Ecco, qui salta la linearità del ragionamento: le misure di
protezione che la legge assicurava al «protetto»,
parente del «collaboratore
di giustizia»,
non prevedevano il cambio di identità, tant’è
che sul citofono di casa l’uomo
che l’altrieri
è stato ucciso a Pesaro aveva nome e cognome suoi. Giusta o no che
sia la legge, per lui non era previsto dargliene di nuovi.
Ma che
altro era indispensabile ed è mancato? «Seguirà
una routine di controlli che coinvolgeranno i presidi di polizia del
posto di arrivo ma qualcuno della Dia, o del Ros o dello Sco, ogni
tanto si affaccerà per verificare che tutto funzioni a dovere».

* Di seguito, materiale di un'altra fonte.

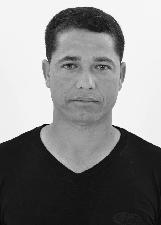 Foto de RICARDO TADEU GONÇALVES COSTA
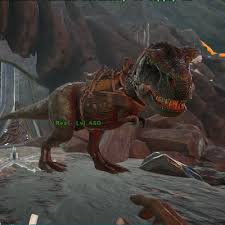 When there's a power outage, internet outage or an ark update then you get a bunch of complaining players and most never come back. The Forge Ark Survival Evolved Xbox Windows 10 Nickmunday7 Twitter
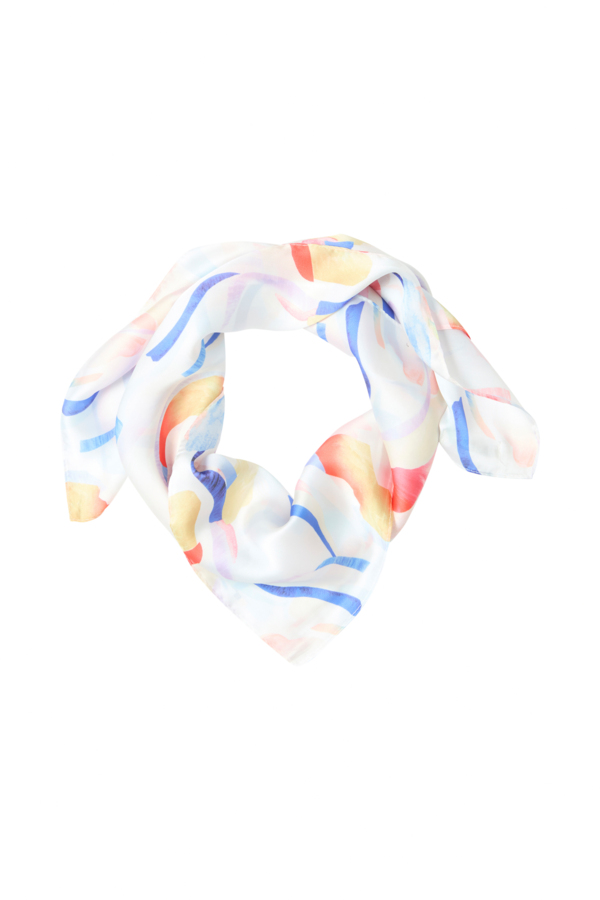 Foulard Siofra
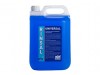 RINSE AID UNIVERSAL RINSAL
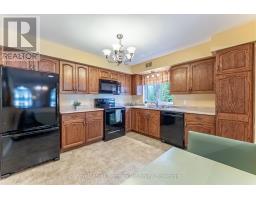 301 - 469 Lakeshore Drive, North Bay, ON P1A2E2 Photo 18
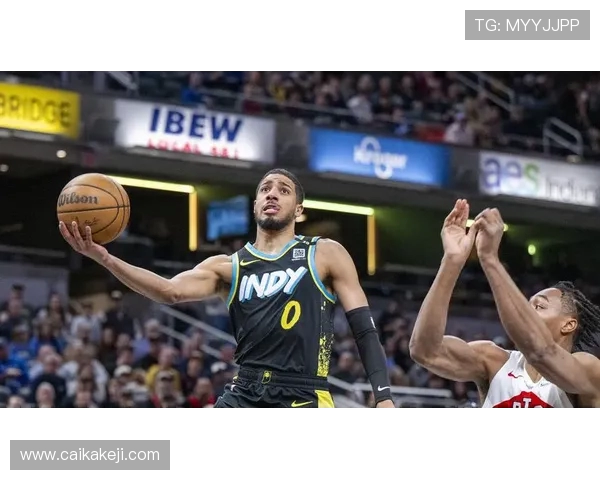 猛龙强势迎战步行者巅峰对决再掀东部激战风云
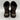 Australia Luxe Collective COSY Brown Suede Round Toe Pull On Ankle Boots Size 11 - Very Good - Ufashion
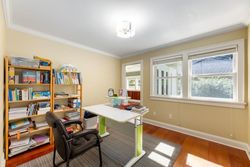 2339-129a-street-elgin-chantrell-south-surrey-white-rock-06-1 at 2339 129a Street, Elgin Chantrell, South Surrey White Rock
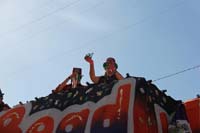 2014-Krewe-of-Tucks-11245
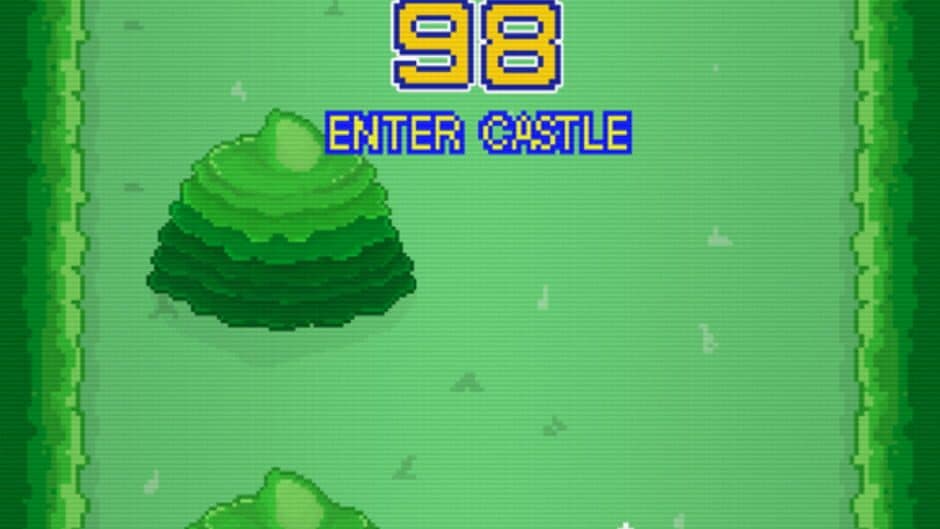 Скриншот 4 из Beasts & Monsters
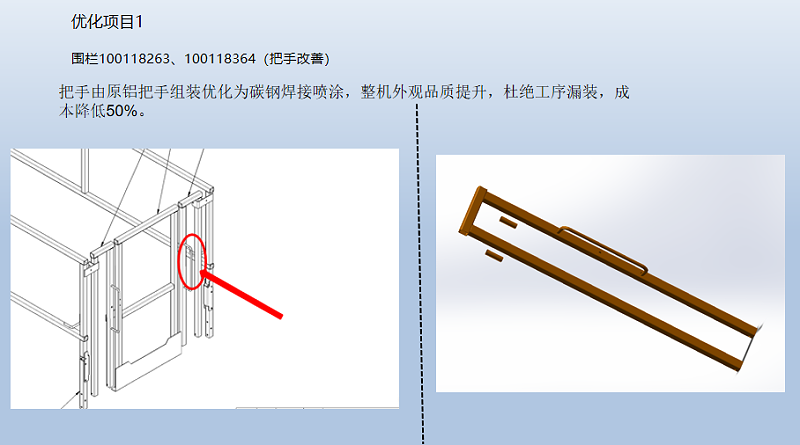 誠瑞豐優化方案1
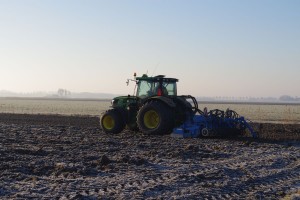 trekker foto in februari 2017 (1)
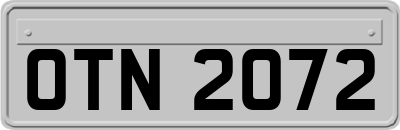 OTN2072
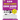 150 Brain Games - CODE WORD Puzzles 3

La legge lo prevede per i «testimoni
di giustizia»,
non per gli «altri
protetti».
D’altronde,
anche nel caso dei «testimoni
di giustizia»,
com’è
possibile impedire che vengano uccisi senza una scorta che li
protegga ventiquattr’ore
al giorno? E quanti sono i casi in cui neppure questo è bastato?
E
dunque dov’è
il problema? È presto detto: «quello
che è successo a Pesaro mostra che da questo punto di vista siamo
nella Nutella fino al collo».
Un modo molto fine di far eco alle accuse strumentali mosse a
Salvini. Al quale, e a ragione, si possono imputare i peggiori
difetti, umani e politici, siglando l’imputazione,
e a ragione, con un bel #salvinimerda, giusto per non essere sfiorati dal sospetto di criptoleghismo, ma in quel che è accaduto l’altrieri
a Pesaro, di grazia, che c’entra?
Neanche varrebbe la pena di fare il nome di chi firma il corsivo de
Il
Foglio
dal quale ho tratto i brani salienti, basterebbe la segnalazione
dell’ennesimo
esempio di come la faziosità distorca i fatti piegandoli a proprio
piacimento. Il fatto è che a firmarlo è Massimo Bordin, di cui su
queste pagine si è spesso avuto modo di lodare l’onestà
intellettuale. Duole constatare che ne abbiamo perso un altro.